Le 24e Prix Bayeux-Calvados a débuté hier avec l'ouverture d'expositions sur la Syrie et l'Irak mais aussi sur des conflits moins médiatisés. Des lycéens qui ont rencontré Arnaud Comte de France 2, lauréat du Prix Bayeux-Calvados l'an dernier pour "Mossoul, fuir à tout prix", ont voté pour choisir le documentaire qui les avait le plus émus dans cette édition 2017.

"Exode de Mossoul", une exposition de vingt-cinq photos en grand format noir et blanc, du Danois Jan Grarup, accrochées dans les rues paisibles de Bayeux, emmenait le 2 octobre les badauds, touristes anglophones ou lycéens au coeur du conflit contre l'Etat islamique (EI), dans la deuxième plus grande ville de l'Irak, où s'est déroulée la plus longue bataille urbaine depuis Stalingrad.
Jeune femme pleurant devant la tombe de sa mère à Mossoul

Jeune femme pleurant devant la tombe de sa mère à Mossoul

© Jan Grarup / laif
Dans une chapelle proche de la célèbre tapisserie de Bayeux, "Syrie: une exposition multimédia sur le travail des photographes syriens de l'AFP" témoigne de "la souffrance d'un peuple", précise Rana Moussaoui, directrice adjointe du bureau de l'AFP à Beyrouth. Elle sera à Bayeux à partir du 6 octobre aux côtés de ces quatre photographes syriens, Karam Al-Masri, Zakaria Abdelkafi, Baraa Al-Halabi et Ameer Alhalbi. Les reportages ont été réalisés "tant du côté rebelle que du côté loyaliste".
Pères syriens transportant leurs enfants dans les ruines d'Alep

Pères syriens transportant leurs enfants dans les ruines d'Alep

© Ameer Alhalbi/ AFP
D'autres expositions évoquent des conflits moins médiatisés, comme "Conflits oubliés, conflits de demain". On peut y lire qu'environ "250.000 enfants participent aux conflits", que "chaque jour, 93 personnes sont tuées par armes à feu aux Etats-Unis" et que "depuis 2004, au moins 500 frappes de drones ont été menées dans le monde faisant 3.674 victimes". L'exposition multimédia est signée du collectif de journalistes "Noor".
Femme d'une tribu de Nasir au Sud-Soudan

Femme d'une tribu de Nasir au Sud-Soudan

© Stanley Greene / NOOR
Au total, six expositions s'ouvrent à Bayeux, dont une présente les 50 reportages, écrits, photos, radios ou vidéos en compétition. Dix prix seront remis samedi 7 octobre. Le jury international sera présidé par le grand reporter britannique de la BBC Jeremy Bowen. Le jeudi 5 octobre le documentaire "Mossoul" d'Olivier Sarbil sera projeté en avant-première européenne. Des lycéens ont été appelés à voter pour choisir parmi dix documentaires celui qui les a le plus émus.

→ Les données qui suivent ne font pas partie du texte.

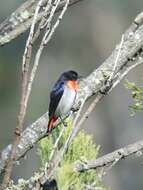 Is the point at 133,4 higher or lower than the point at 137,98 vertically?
higher

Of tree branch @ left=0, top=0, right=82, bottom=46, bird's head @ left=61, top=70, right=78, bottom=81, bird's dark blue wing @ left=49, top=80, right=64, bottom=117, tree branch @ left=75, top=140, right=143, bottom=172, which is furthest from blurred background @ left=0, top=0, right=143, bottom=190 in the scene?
tree branch @ left=75, top=140, right=143, bottom=172

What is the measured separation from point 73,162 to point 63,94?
224 cm

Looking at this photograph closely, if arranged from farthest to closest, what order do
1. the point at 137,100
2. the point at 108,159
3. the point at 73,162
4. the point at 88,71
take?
the point at 88,71
the point at 137,100
the point at 73,162
the point at 108,159

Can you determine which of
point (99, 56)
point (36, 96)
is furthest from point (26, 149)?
point (99, 56)

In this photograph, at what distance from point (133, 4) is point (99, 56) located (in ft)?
7.07

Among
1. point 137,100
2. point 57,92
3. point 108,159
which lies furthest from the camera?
point 57,92

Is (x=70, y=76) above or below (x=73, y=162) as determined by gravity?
above

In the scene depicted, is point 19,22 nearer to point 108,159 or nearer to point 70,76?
point 108,159

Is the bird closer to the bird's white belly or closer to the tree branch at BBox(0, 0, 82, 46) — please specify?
the bird's white belly

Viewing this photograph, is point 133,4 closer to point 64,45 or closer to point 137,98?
point 64,45

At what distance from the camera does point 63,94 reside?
A: 534 centimetres

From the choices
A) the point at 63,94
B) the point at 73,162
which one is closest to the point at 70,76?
the point at 63,94

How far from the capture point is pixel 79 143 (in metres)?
3.33

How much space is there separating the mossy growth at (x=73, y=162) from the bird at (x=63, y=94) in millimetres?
1054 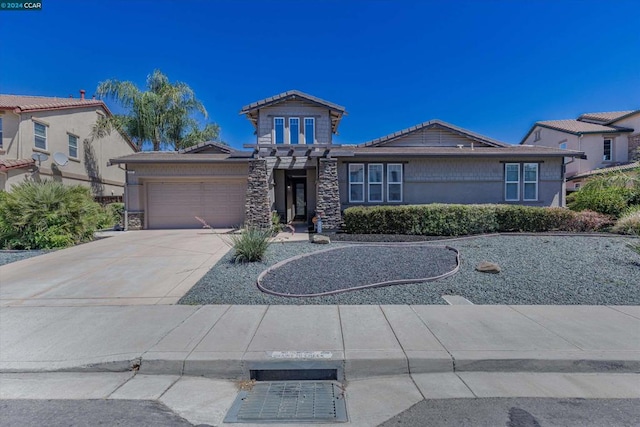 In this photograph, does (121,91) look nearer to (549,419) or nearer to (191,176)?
(191,176)

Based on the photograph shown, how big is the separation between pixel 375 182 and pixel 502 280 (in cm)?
865

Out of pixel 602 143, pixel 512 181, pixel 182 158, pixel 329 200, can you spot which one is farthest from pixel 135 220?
pixel 602 143

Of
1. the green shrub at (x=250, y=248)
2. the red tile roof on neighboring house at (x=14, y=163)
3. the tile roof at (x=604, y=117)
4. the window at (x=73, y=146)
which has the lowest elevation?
the green shrub at (x=250, y=248)

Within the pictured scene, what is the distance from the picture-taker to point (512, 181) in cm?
1471

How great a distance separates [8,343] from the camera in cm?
420

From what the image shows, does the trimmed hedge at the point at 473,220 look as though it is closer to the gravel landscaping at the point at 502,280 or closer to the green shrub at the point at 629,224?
the green shrub at the point at 629,224

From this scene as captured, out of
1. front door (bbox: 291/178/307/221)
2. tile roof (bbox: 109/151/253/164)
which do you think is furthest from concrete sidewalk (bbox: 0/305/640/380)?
front door (bbox: 291/178/307/221)

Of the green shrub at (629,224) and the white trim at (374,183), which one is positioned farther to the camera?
the white trim at (374,183)

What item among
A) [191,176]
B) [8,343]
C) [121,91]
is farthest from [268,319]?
[121,91]

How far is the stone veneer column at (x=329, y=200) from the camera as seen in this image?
43.2 ft

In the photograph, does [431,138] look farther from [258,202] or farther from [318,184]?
[258,202]

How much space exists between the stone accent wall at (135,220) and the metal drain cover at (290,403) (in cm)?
1444

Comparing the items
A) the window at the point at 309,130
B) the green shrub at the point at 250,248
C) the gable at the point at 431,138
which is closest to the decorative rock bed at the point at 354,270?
the green shrub at the point at 250,248

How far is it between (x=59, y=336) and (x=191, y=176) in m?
11.9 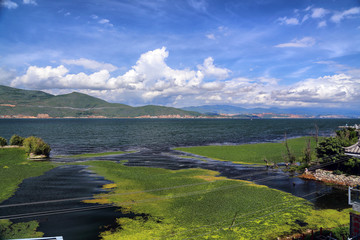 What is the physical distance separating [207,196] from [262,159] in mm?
34329

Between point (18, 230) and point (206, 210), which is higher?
point (206, 210)

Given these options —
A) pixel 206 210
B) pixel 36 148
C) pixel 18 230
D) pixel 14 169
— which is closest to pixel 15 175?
pixel 14 169

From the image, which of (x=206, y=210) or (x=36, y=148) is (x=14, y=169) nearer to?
(x=36, y=148)

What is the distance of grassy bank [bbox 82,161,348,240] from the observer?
2219cm

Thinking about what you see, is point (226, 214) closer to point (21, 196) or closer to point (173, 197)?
point (173, 197)

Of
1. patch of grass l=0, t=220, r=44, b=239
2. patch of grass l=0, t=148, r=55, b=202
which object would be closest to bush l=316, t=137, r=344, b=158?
patch of grass l=0, t=220, r=44, b=239

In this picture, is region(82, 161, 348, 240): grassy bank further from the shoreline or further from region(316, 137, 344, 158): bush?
region(316, 137, 344, 158): bush

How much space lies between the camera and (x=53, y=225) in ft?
78.0

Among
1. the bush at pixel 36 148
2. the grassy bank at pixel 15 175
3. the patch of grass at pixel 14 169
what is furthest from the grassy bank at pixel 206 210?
the bush at pixel 36 148

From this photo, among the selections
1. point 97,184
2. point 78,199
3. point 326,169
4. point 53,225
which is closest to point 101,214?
point 53,225

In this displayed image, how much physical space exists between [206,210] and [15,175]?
3720 cm

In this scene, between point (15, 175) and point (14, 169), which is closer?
point (15, 175)

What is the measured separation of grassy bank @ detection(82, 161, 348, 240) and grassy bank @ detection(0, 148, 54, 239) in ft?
26.6

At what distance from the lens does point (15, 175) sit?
140 ft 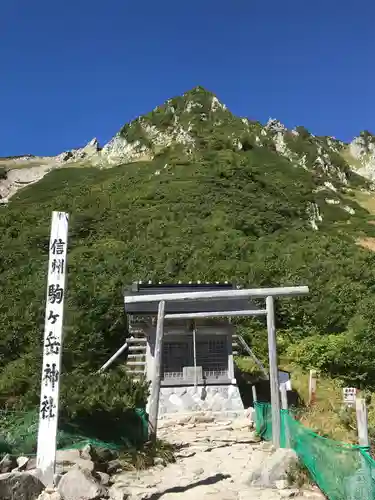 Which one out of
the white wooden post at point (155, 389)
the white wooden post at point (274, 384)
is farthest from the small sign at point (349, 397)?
the white wooden post at point (155, 389)

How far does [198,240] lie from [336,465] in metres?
29.3

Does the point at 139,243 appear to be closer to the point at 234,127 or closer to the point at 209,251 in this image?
the point at 209,251

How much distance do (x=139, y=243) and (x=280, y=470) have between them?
2863cm

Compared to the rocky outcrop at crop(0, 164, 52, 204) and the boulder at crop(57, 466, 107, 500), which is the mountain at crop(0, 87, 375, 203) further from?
the boulder at crop(57, 466, 107, 500)

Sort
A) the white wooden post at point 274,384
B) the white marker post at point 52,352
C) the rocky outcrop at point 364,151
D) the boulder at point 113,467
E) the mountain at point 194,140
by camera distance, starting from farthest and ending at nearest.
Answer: the rocky outcrop at point 364,151 < the mountain at point 194,140 < the white wooden post at point 274,384 < the boulder at point 113,467 < the white marker post at point 52,352

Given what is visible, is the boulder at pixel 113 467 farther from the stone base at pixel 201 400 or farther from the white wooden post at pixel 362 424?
the stone base at pixel 201 400

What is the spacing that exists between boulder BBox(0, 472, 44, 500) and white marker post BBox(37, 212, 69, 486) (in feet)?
1.05

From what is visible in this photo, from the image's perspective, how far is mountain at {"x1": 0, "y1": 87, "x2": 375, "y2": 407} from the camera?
17641 mm

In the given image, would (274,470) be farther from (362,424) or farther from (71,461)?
(71,461)

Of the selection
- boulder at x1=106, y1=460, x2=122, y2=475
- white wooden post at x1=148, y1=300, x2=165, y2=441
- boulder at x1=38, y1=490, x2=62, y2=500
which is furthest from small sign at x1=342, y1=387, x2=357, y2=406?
boulder at x1=38, y1=490, x2=62, y2=500

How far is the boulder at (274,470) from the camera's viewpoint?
23.3 ft

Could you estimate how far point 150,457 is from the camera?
866 cm

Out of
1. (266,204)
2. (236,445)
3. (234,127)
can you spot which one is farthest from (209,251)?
(234,127)

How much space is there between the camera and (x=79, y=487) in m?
6.42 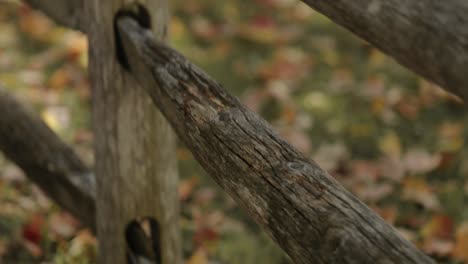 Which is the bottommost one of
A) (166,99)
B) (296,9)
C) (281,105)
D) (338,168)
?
(166,99)

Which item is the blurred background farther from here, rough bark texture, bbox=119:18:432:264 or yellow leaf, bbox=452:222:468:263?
rough bark texture, bbox=119:18:432:264

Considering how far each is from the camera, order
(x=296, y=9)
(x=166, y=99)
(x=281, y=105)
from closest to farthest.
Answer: (x=166, y=99) → (x=281, y=105) → (x=296, y=9)

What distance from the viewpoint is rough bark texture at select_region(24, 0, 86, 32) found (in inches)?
62.8

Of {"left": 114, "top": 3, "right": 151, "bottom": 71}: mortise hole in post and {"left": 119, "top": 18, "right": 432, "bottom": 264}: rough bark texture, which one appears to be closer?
{"left": 119, "top": 18, "right": 432, "bottom": 264}: rough bark texture

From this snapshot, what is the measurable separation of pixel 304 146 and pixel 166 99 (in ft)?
4.80

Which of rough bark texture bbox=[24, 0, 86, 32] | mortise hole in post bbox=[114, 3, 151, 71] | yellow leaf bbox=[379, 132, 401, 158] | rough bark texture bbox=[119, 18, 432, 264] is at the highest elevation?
yellow leaf bbox=[379, 132, 401, 158]

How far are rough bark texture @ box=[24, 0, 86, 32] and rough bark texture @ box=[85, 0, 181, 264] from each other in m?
0.07

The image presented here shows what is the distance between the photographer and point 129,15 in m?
1.48

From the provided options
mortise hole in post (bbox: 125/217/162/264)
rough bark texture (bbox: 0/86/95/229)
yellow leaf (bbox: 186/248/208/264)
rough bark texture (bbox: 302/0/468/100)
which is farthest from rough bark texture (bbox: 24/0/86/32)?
rough bark texture (bbox: 302/0/468/100)

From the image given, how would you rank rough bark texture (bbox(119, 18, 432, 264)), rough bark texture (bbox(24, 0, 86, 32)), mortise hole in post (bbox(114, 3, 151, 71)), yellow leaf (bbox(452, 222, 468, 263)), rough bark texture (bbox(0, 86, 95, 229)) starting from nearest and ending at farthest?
rough bark texture (bbox(119, 18, 432, 264)) → mortise hole in post (bbox(114, 3, 151, 71)) → rough bark texture (bbox(24, 0, 86, 32)) → rough bark texture (bbox(0, 86, 95, 229)) → yellow leaf (bbox(452, 222, 468, 263))

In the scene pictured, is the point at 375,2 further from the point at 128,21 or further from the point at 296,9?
the point at 296,9

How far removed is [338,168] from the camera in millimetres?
2578

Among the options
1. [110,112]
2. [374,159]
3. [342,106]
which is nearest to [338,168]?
[374,159]

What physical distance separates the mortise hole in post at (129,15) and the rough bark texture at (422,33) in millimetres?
738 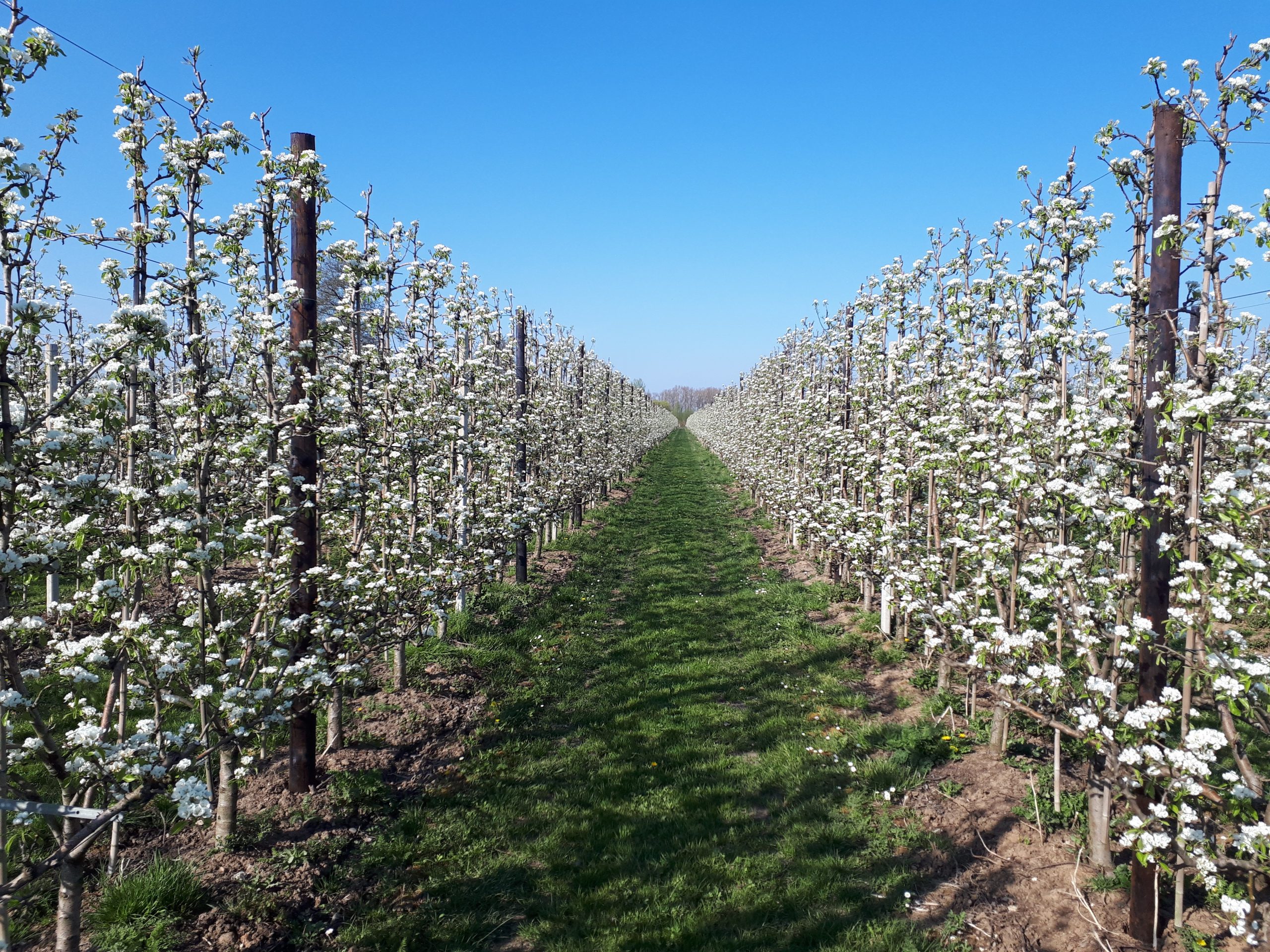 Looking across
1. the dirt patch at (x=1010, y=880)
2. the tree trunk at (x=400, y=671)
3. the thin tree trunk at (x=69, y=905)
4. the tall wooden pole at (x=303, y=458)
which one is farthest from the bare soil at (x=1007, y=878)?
the tree trunk at (x=400, y=671)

Reportage France 3 Normandie M. Bellinghen / J. Guillaud / V. Potel

https://videos.francetv.fr/video/NI_1090405@Culture


Hommage à "la perle" des fixeurs

Autre point fort, une cérémonie rendra hommage le 5 octobre, au Mémorial des reporters de Bayeux, aux journalistes décédés dans l'exercice de leur fonction. Des proches du fixeur (guide et traducteur) kurde irakien Bakhtiyar Haddad, du journaliste français Stéphan Villeneuve et de la reporter suisse, Véronique Robert, tués en juin à Mossoul, sont annoncés, ainsi que la veuve de Javier Valdez, le journaliste mexicain, correspondant de l'AFP, tué en mai. Une des expositions ouvertes lundi revient sur le parcours de Bakhtiyar Haddad, la "perle" des fixeurs.
Portrait de combattant dans l'exposition hommage à Bakhtiyar Haddad

Portrait de combattant dans l'exposition hommage à Bakhtiyar Haddad

© Diego Ibarra Sanchez
Près de 35.000 personnes, dont près de 400 professionnels du journalisme, sont attendues d'ici au 9 octobre à Bayeux, commune proche des plages du Débarquement. Des projections et des débats sont par ailleurs programmés sur la Syrie, l'Ouganda, la Turquie, le Soudan du Sud.